Em um esforço para conter a população de coelhos nas áreas pastorais da Austrália Ocidental, entre 1901 e 1907, ergueu-se uma enorme cerca conhecida como “cerca à prova de coelhos“. Inicialmente, ela se estendia por 1.800 quilômetros, sendo posteriormente ampliada e reforçada com cercas adicionais. Infelizmente, todos esses esforços foram em vão, pois os coelhos persistiram como uma grande preocupação para os criadores de gado.

Em 1906 e 1907, Jean Danysz, do Instituto Pasteur de Paris, conduziu testes utilizando uma cepa de bactérias Pasteurella que ele havia desenvolvido, demonstrando ser fatal para os coelhos. Contudo, os experimentos revelaram-se insatisfatórios. Embora o sucessor de Danysz, Frank Tidswell, tenha continuado os testes com diferentes microrganismos, o governo federal australiano mostrou-se relutante em fornecer financiamento para essas pesquisas.

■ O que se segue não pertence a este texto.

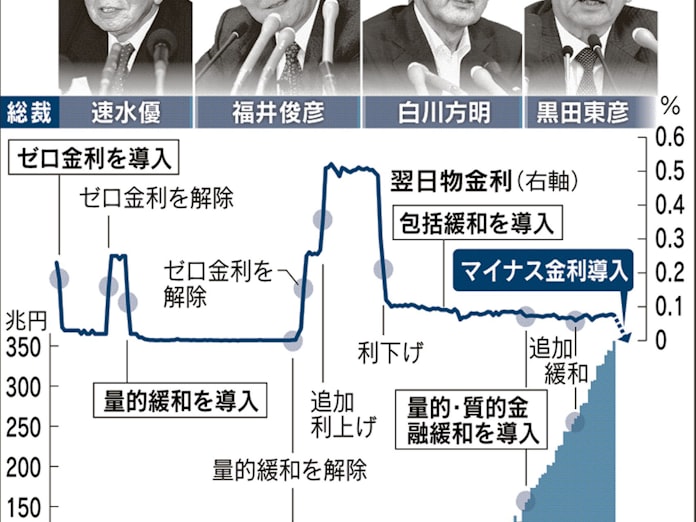 日本経済新聞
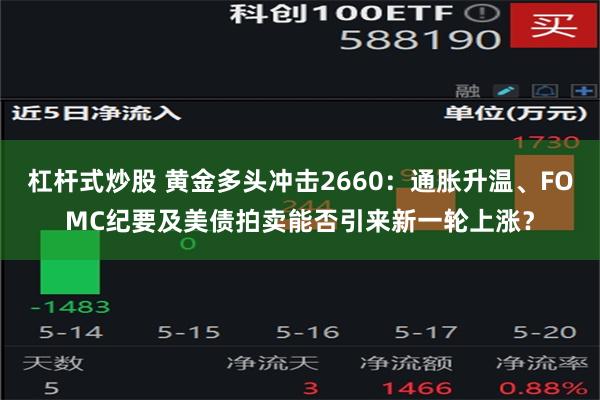 杠杆式炒股 黄金多头冲击2660：通胀升温、FOMC纪要及美债拍卖能否引来新一轮上涨？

A matança por vírus de coelhos na Austrália
O duque de Edimburgo atirando em coelhos em Barwon Park, Victoria, por N Chevalier

Tudo mudou quando o virologista australiano Frank Fenner demonstrou que o vírus do mixoma tinha um efeito devastador sobre os coelhos, matando-os em um curto período de 9 a 11 dias, com uma taxa de mortalidade de aproximadamente 99,8%. Para convencer as autoridades de que o vírus era inofensivo para os seres humanos, Fenner e dois colegas decidiram se injetar com o vírus do mixoma, demonstrando assim a sua segurança ao não apresentarem quaisquer efeitos nocivos.

Em 1950, o vírus mixoma foi introduzido pela primeira vez na população de coelhos. Em um curto período de três meses, a população, que era de cerca de 600 milhões, colapsou para aproximadamente 100 milhões. Apesar de alguns coelhos terem desenvolvido alguma resistência à doença, permitindo a sobrevivência de alguns indivíduos e uma recuperação parcial da população, ela nunca voltou aos níveis pré-1950.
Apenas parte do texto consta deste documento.